[YOUR ASSIGNMENT] Beginning with the line containing "Kit com 2 Cadeiras" and ending at the last line of the records, transcribe each line exactly. Do not include pictures.

* * * *

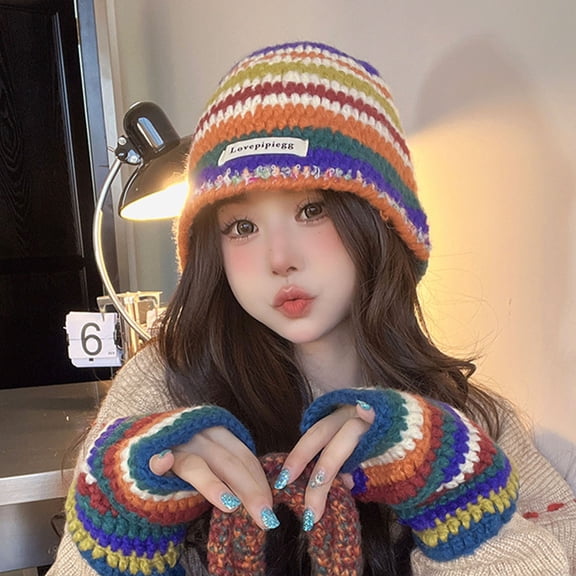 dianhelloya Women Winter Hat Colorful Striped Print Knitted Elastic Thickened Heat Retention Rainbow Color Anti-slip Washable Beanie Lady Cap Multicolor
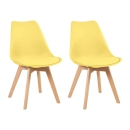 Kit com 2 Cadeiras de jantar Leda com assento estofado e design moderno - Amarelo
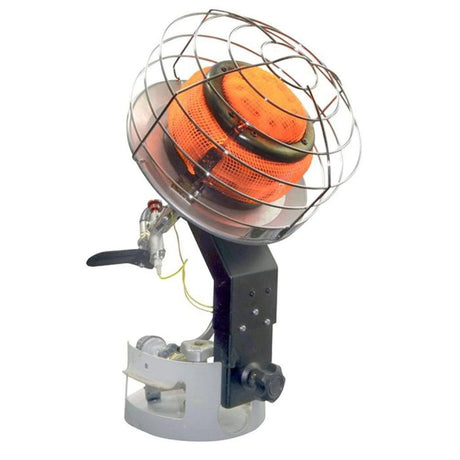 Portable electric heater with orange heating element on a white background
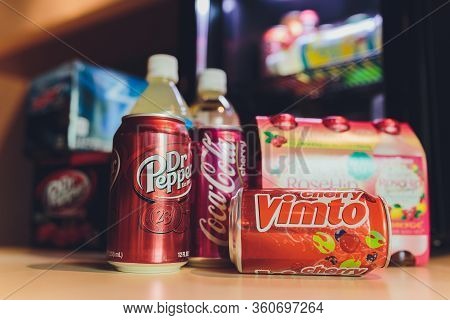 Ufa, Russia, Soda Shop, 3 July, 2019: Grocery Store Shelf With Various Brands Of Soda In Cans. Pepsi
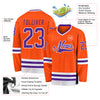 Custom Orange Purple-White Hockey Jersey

* * * *

[TASK RESULT]
 Kit com 2 Cadeiras de jantar Leda com assento estofado e design moderno - Amarelo
 Portable electric heater with orange heating element on a white background
 Ufa, Russia, Soda Shop, 3 July, 2019: Grocery Store Shelf With Various Brands Of Soda In Cans. Pepsi
 Custom Orange Purple-White Hockey Jersey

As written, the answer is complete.